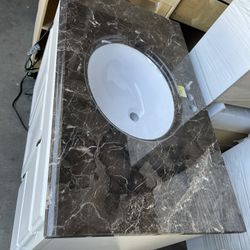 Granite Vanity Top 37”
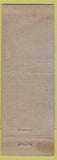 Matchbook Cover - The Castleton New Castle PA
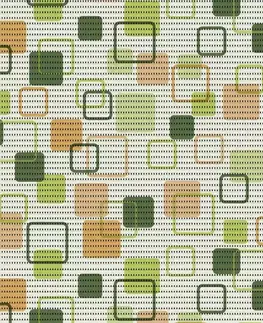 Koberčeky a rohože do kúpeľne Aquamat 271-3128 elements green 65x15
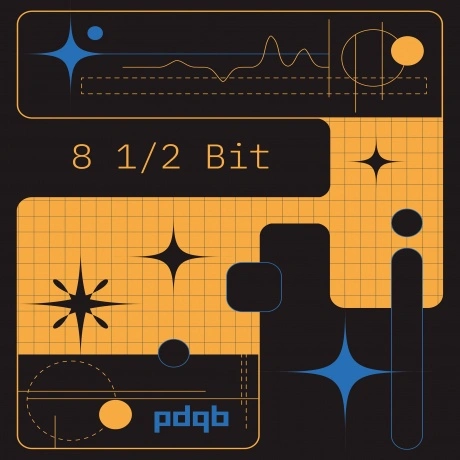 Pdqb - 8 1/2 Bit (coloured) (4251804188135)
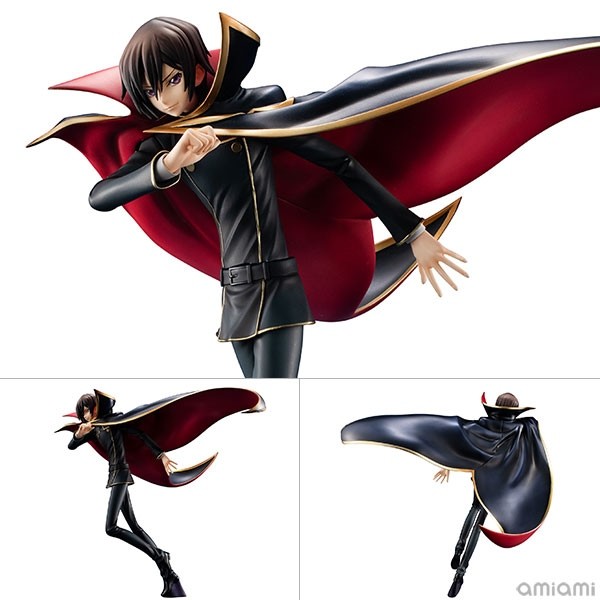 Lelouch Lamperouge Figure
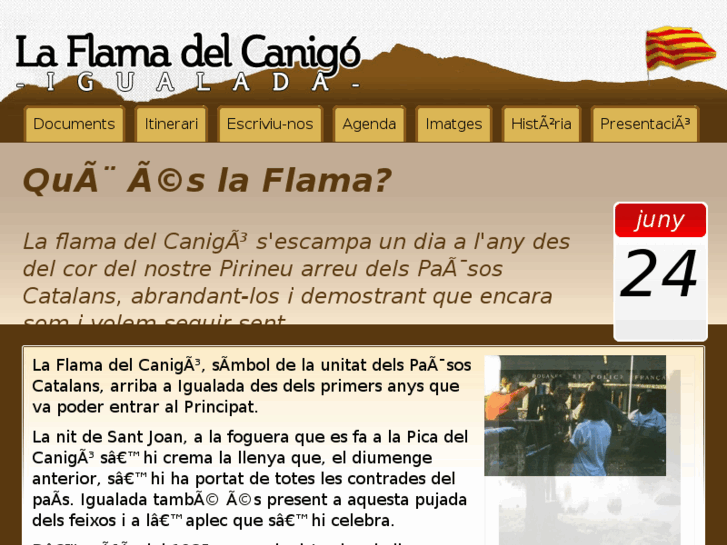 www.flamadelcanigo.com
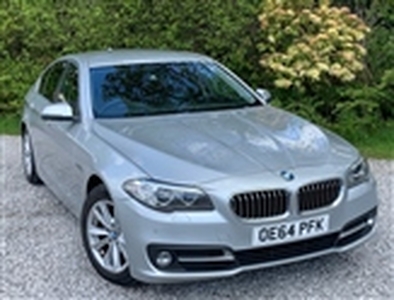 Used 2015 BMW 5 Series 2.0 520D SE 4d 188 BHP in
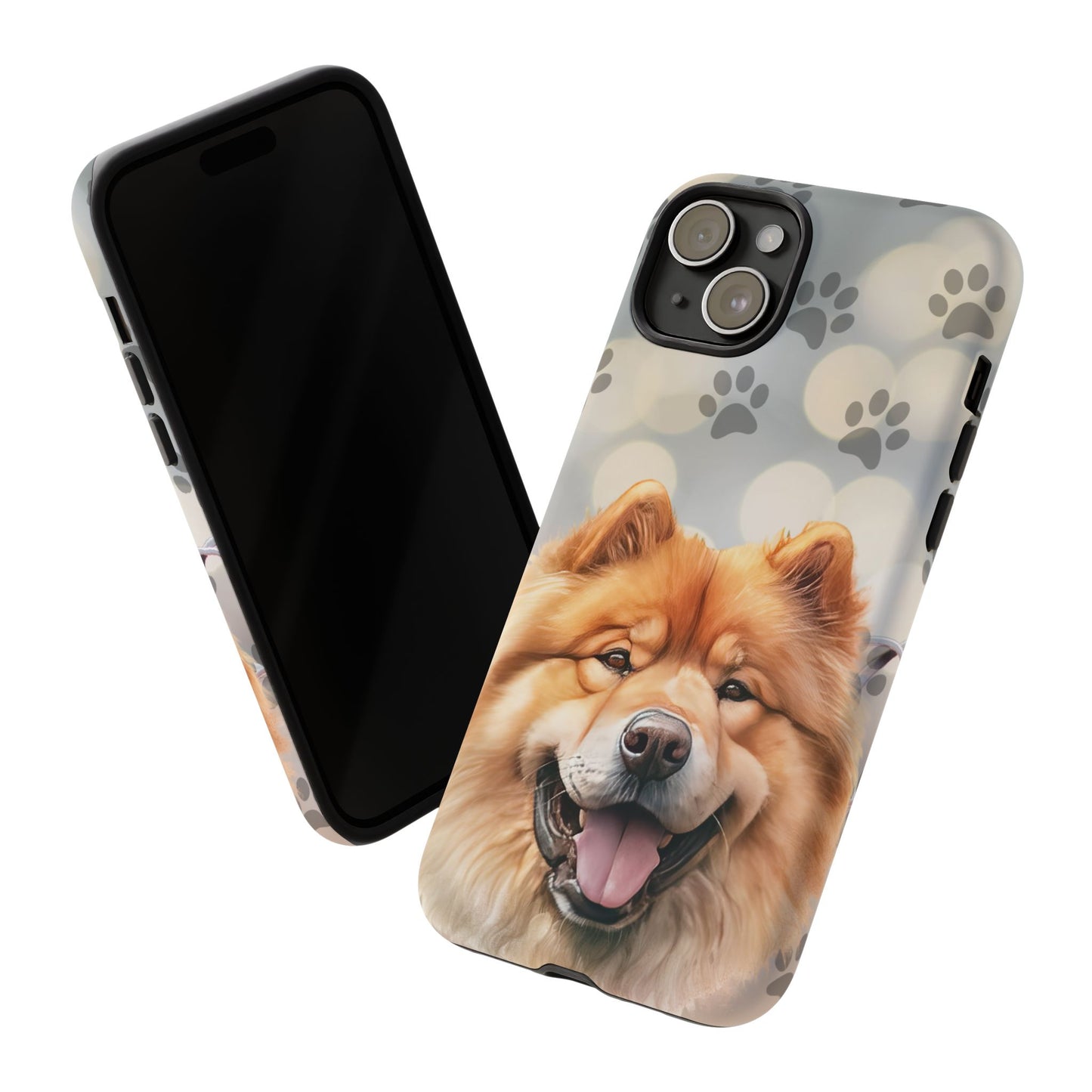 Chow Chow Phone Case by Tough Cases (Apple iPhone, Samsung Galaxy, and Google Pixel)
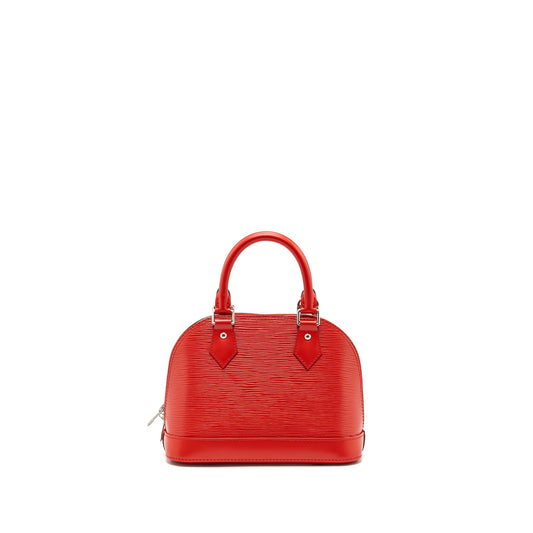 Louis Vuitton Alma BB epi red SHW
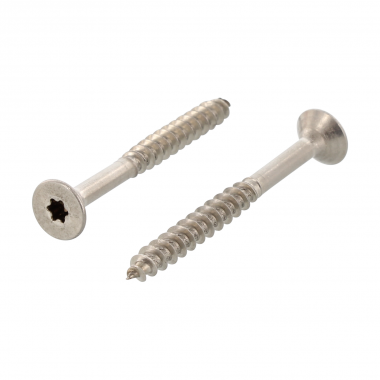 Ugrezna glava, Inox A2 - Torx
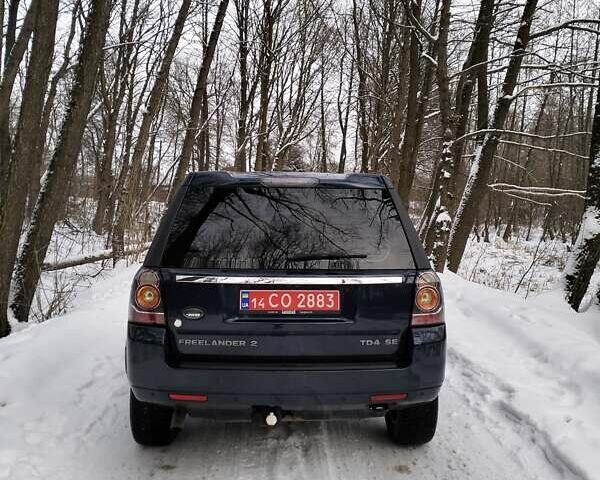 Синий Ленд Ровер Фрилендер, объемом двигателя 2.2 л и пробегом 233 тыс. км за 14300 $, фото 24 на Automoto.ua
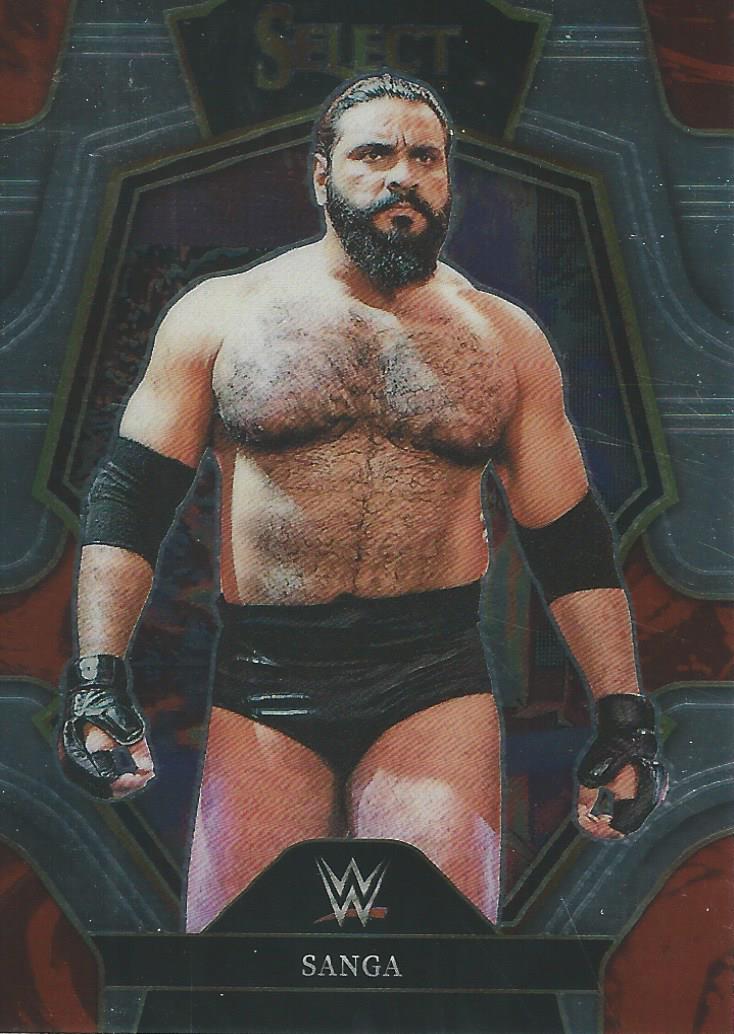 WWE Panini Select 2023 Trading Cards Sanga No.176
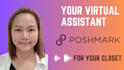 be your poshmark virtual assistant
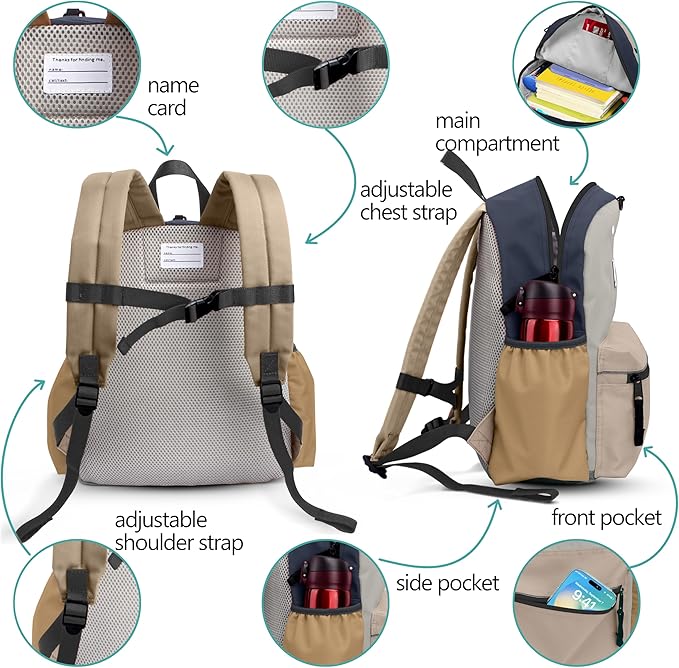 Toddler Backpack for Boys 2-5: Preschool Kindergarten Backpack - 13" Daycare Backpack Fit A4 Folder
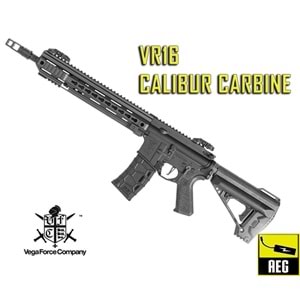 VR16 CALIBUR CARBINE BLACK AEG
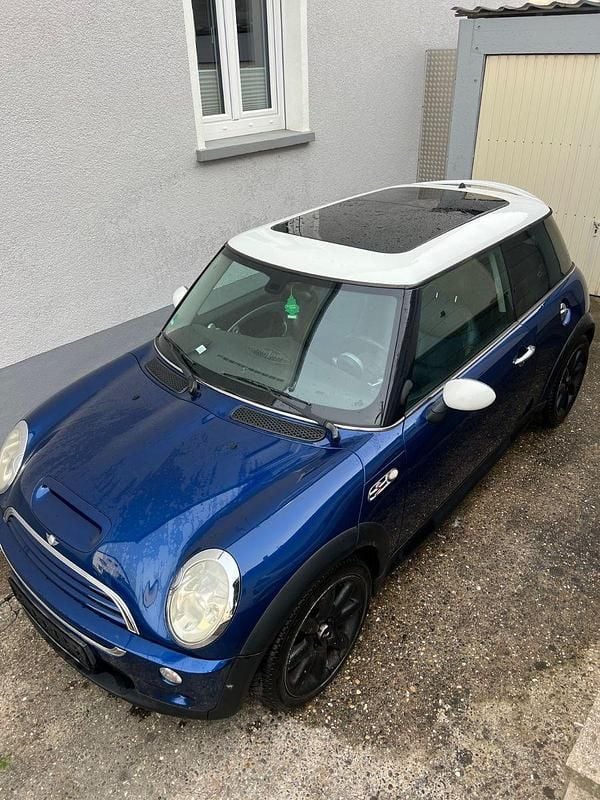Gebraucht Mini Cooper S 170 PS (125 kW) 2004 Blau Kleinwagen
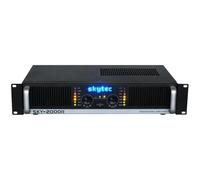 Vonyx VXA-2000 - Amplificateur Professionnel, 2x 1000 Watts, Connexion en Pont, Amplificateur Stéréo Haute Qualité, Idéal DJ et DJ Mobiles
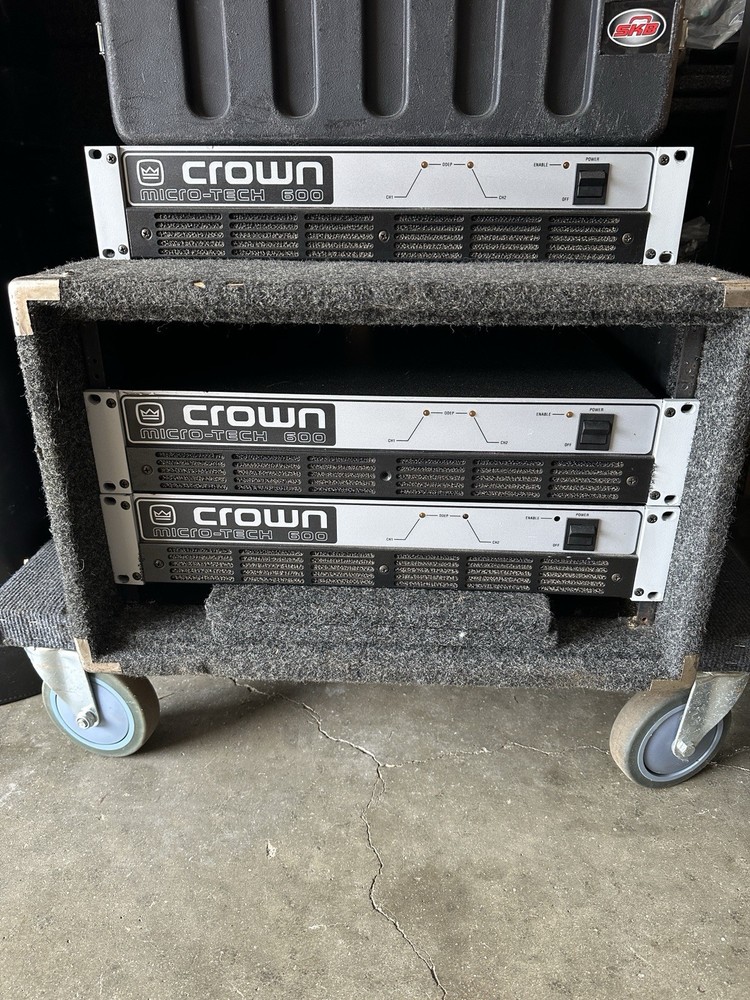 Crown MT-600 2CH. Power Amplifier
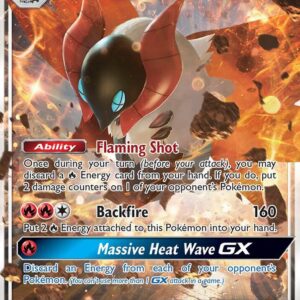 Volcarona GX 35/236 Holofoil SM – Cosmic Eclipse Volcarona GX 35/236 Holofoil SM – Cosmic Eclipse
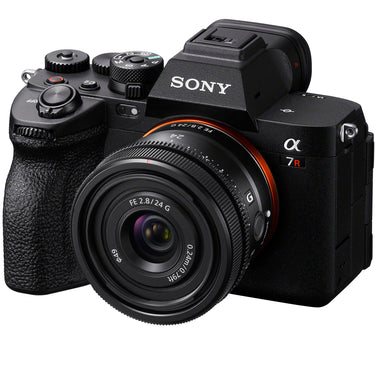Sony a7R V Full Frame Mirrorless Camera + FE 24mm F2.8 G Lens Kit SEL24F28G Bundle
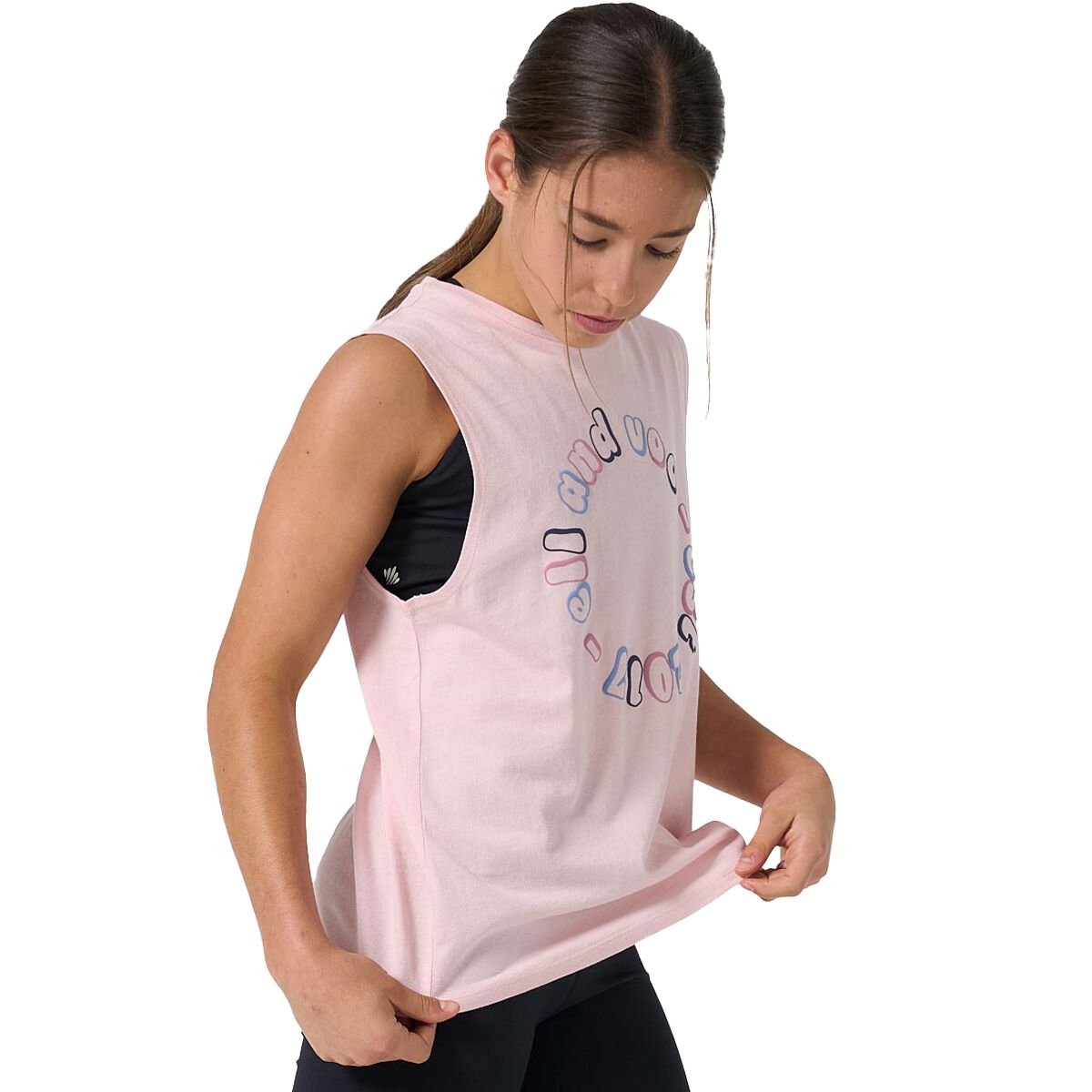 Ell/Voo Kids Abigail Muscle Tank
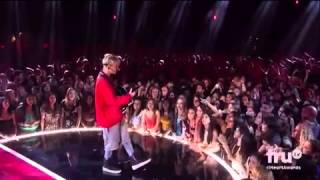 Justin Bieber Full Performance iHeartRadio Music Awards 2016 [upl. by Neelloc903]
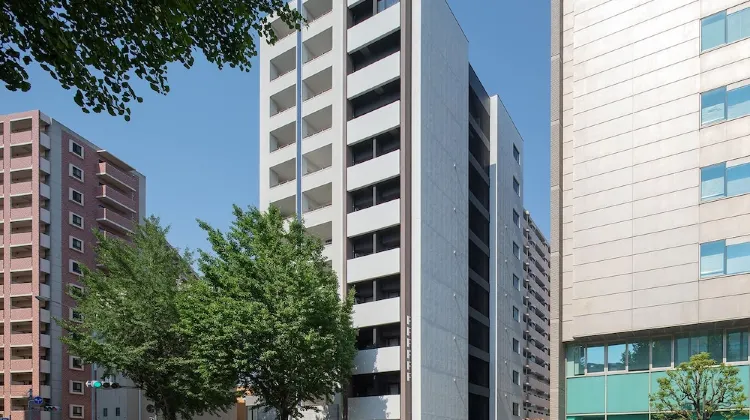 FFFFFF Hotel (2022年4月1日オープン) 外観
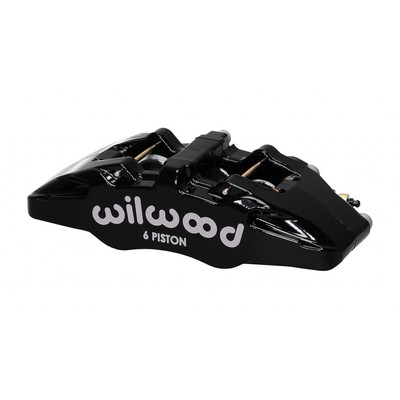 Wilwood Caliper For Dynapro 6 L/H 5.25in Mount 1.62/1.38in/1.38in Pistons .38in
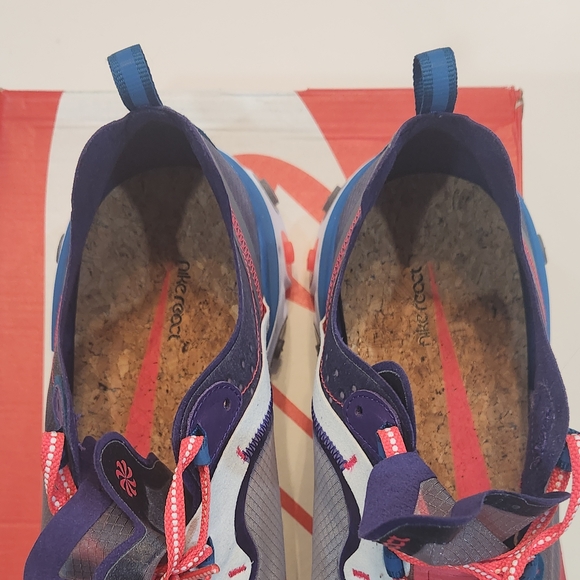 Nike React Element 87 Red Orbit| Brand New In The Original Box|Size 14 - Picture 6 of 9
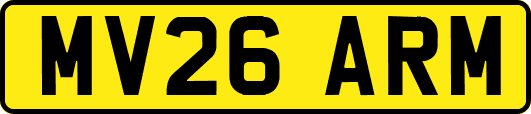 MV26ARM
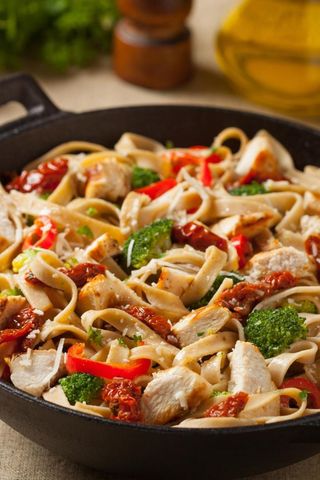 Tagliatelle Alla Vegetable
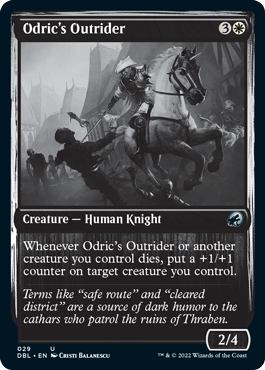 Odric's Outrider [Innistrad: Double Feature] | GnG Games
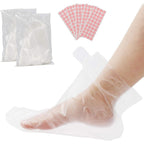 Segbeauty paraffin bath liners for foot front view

◆ ◆ ◆ ◆ ◆ ◆ ◆

- [Work task]: Every line from the one holding "be your poshmark virtual assistant" through the final line of the data above is to be reproduced exactly, both ends included, with the pictures left out.

- [Output of the task]:
 be your poshmark virtual assistant
 Toddler Backpack for Boys 2-5: Preschool Kindergarten Backpack - 13" Daycare Backpack Fit A4 Folder
 VR16 CALIBUR CARBINE BLACK AEG
Gebraucht Mini Cooper S 170 PS (125 kW) 2004 Blau Kleinwagen
 Vonyx VXA-2000 - Amplificateur Professionnel, 2x 1000 Watts, Connexion en Pont, Amplificateur Stéréo Haute Qualité, Idéal DJ et DJ Mobiles
 Crown MT-600 2CH. Power Amplifier
 Volcarona GX 35/236 Holofoil SM – Cosmic Eclipse Volcarona GX 35/236 Holofoil SM – Cosmic Eclipse
Sony a7R V Full Frame Mirrorless Camera + FE 24mm F2.8 G Lens Kit SEL24F28G Bundle
 Ell/Voo Kids Abigail Muscle Tank
 Justin Bieber Full Performance iHeartRadio Music Awards 2016 [upl. by Neelloc903]
 FFFFFF Hotel (2022年4月1日オープン) 外観
 Wilwood Caliper For Dynapro 6 L/H 5.25in Mount 1.62/1.38in/1.38in Pistons .38in
 Nike React Element 87 Red Orbit| Brand New In The Original Box|Size 14 - Picture 6 of 9
 MV26ARM
 Tagliatelle Alla Vegetable
 Odric's Outrider [Innistrad: Double Feature] | GnG Games
 Segbeauty paraffin bath liners for foot front view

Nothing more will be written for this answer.